Value to the economy of the Irish Christmas tree business – well, that’s according to an estimate from the Irish Christmas Tree Growers Association, which said this year’s harvest would deliver a “bumper crop”. Hoovers on standby.
Years it can take before an Irish-grown tree reaches peak condition and becomes ready for harvesting, says the association. This year it has launched a buy-Irish campaign called “Love a Real Tree”. You can’t really hug a Christmas tree, though, can you?
The Lexicon: Megabrew
All parties are best advised to stay sober for now, as the deal will have to clear several regulatory hurdles before this Megabrew mega-monster can officially become a thing. But how mega would it be? The final bid by Belgian-Brazilian AB InBev for London-listed SABMiller clocks in at £71 billion (€100.5 billion), a price that puts this deal on track to become the biggest in British corporate history and the fourth biggest in the world ever. Between them, Budweiser-maker AB InBev and SABMiller produce more than a third of the world’s beers.
So it’s mega enough, then, to make the likes of Heineken and Molson Coors look like minnows.
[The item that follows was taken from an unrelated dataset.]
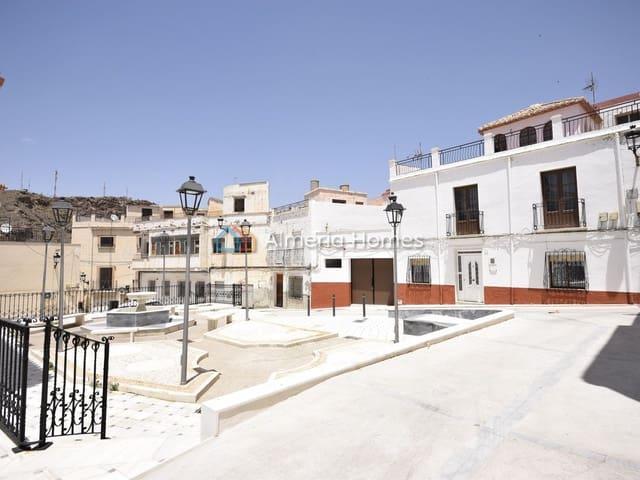 Casa en venta en Macael, Almería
Getting to know: Andy Haldane
The robots are coming, warns Andy Haldane, chief economist at the Bank of England, who estimates that some 15 million jobs in the UK alone are at risk from developments in automation, or the robot revolution as it’s otherwise known. The set of human skills that machines can reproduce at lower cost “has both widened and deepened”, he says – though presumably “chief economists” are still safe.
There’s a caveat: “To bring that down to planet earth, no one any time soon is, I think, going to choose a robot to cut their hair,” he added. Haldane (48), who sports quite a close hair cut himself, is one of the top 100 most influential people in the world, according to Time magazine, which is mercifully yet to compile its list of the top 100 most influential robots.